People with one million dollars, feel like they need five million dollars to be on the safe side, whereas people with five million dollars, feel they need twenty million dollars to be on the safe side. And they don't want that taxed. Then Madoff runs off with all that. Then they want a government to take a collection to replace that. Research provided by the Espatchelowe Art Institute.

I think I could feel reasonably safe with 10 million or so. Reasonably.

Actually, this goes back to your question about free markets. What makes a market "free?" A lack of interference from external forces outside the market -- government and others. I think pure free markets are a fantasy, and that we're better off with things like product safety requirements and environmental protection even though they (arguably) interfere with a pure free market. On the other hand, I wouldn't have a problem with the market being free enough to allow failure of organizations that have been dubbed "too big to fail." AIG? GM?

Michael D. makes the argument that we shouldn't attempt to revive extinct species such as dinosaurs or mammoths because there is a reason they aren't with us any more. Evolution selected against them. I'm not sure I agree about dinosaurs and mammoths, but the health of our own social and economic evolution probably demands that some things die off. Huge businesses that lost a lot of money and can't keep going on their own strike me as good candidates.

While Moore's Law finds the World Economy, is it a good idea, to put the fate of human lives in the hands of the "free market"? Right now, it seems to me, those that hold onto the illusion of "free market" principles can only be Calapsatarians.

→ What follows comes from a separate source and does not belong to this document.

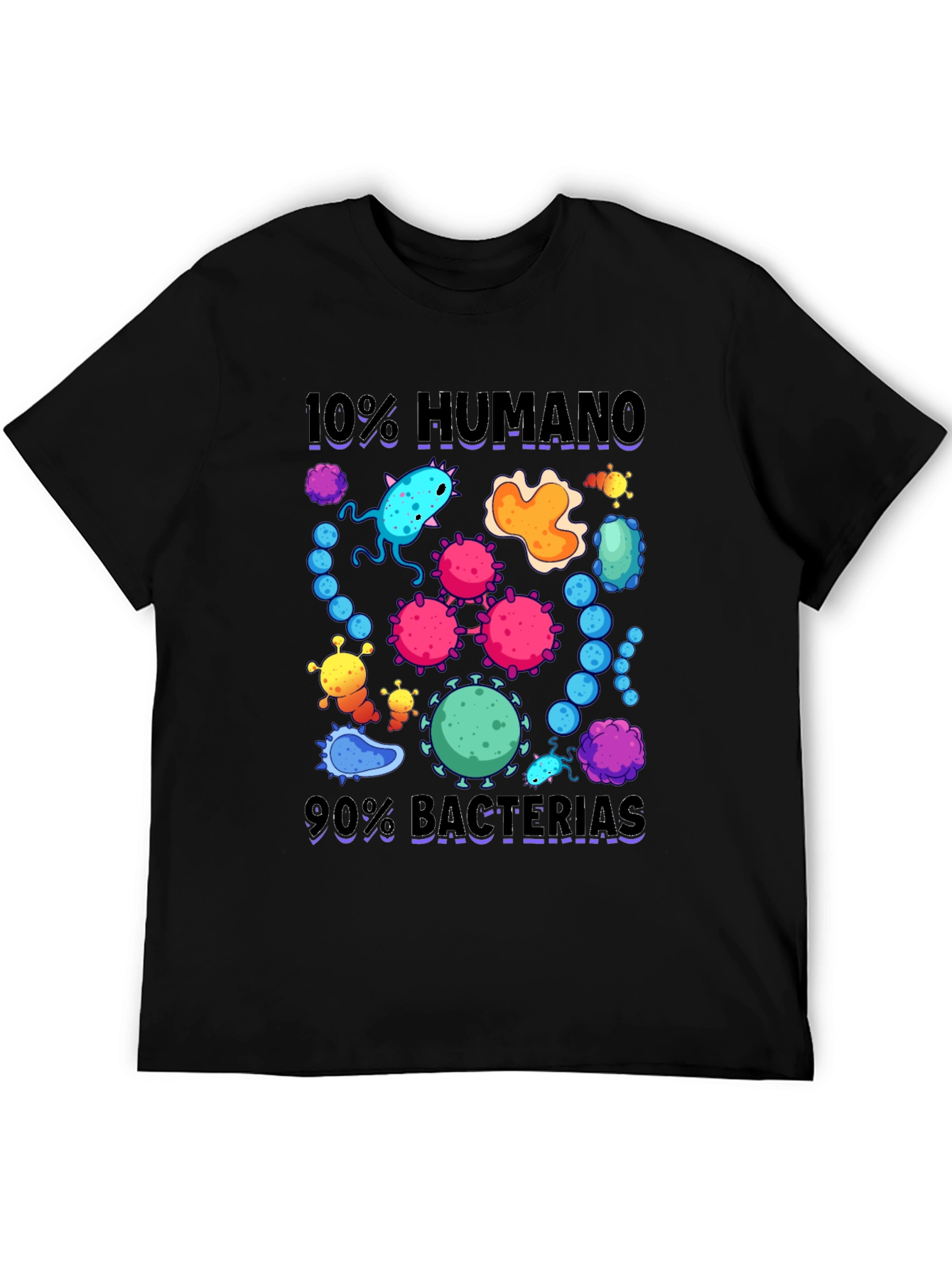 10% Human 90% Bacteria Graphic T-Shirt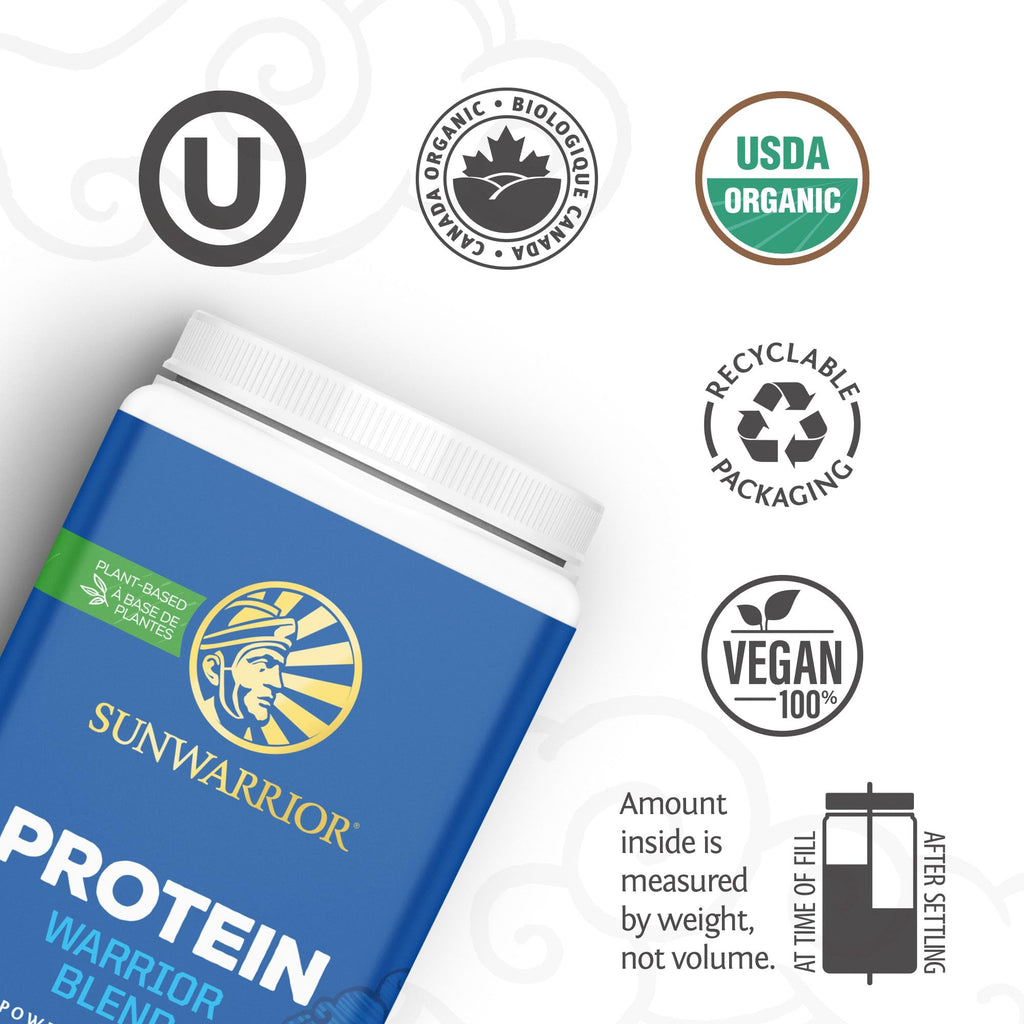 Organic Plant Based Protein Powder | Vegan Organic Protein Powder Vanilla Flavored with BCAA Amino Acids & Hemp Seed Pea Blend | Non-GMO Soy Dairy Filler & Gluten Free (Vanilla, 32 Servings)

After thinking about this for a while and reviewing Mr. Wang's arguments, I believe my strongest objection to this line of argument is that it leads people to think that there is nothing fundamentally wrong or dangerous about the current course of events. It leads people to believe that the situation is readily salvageable. It's deliberate sabotage of measures and mental attitudes that are possibly critical and certainly safer than anything in practice right now.

This belief is founded on two falsehoods: first, that what _can_ be done to resolve the current crisis (and there are certainly measures that would be effective) _will_ be done, which betrays a total naivete and lack of learning curve where politicians are concerned - inexcusably so. Second, a simple lack of understanding of the tremendous destructive inertia stored up in the financial and social and demographic forces currently at work. The bond market is the single biggest national security threat the USA faces and hardly anybody seems to grasp the why or how, or what the immediate real world implications are of trouble there.

Civilizations _do_ fall. Rome did. The Achaean Greeks did. The mark of a dark age, as Jerry Pournelle has repeatedly pointed out, is not just that what once was done can no longer be done, it is that men no longer believe it ever could be done - so the Achaean city walls were said to have been built by giants, because who else could move such stones; and eighth-century European peasants grew a tenth of what the Romans had managed on the same land. The mental prerequisites for this loss of capability are too widespread in the current culture for anyone to feel comfortable about it. Denying the possibility of a collapse is as stupid as denying any possibility in science. Gather evidence and do what experiements can be done. But don't go around saying everything's fine and nobody needs to do anything: that's sabotage of attempts to preserve civilization, and that makes you nobody's friend.

I said what? right, you meant Mr. Darling. :)

We should revive dinosaurs only if they're tasty... but not velociraptors because I saw a movie about them once: they're more likely to eat you than you are likely to eat them.

MikeD --

>>I said what? right, you meant Mr. Darling. :)

Right. He's Michael D. You're MikeD. Let's not let the fact that your given name is "Michael" cause any undue confusion, here. ;-)

Oddom --

>>Denying the possibility of a collapse is as stupid as denying any possibility in science. Gather evidence and do what experiements can be done. But don't go around saying everything's fine and nobody needs to do anything: that's sabotage of attempts to preserve civilization, and that makes you nobody's friend.

Lighten up. As Director of Research for the Life Boat Foundation, I think Brian is noddingly familiar with the idea that the world can end and, yes, that civilization can end. But rather than asserting the inevitability of collapse, Lifeboat is actively engaged in trying to ensure the survival of civilization. I suppose that makes them everybody's friend.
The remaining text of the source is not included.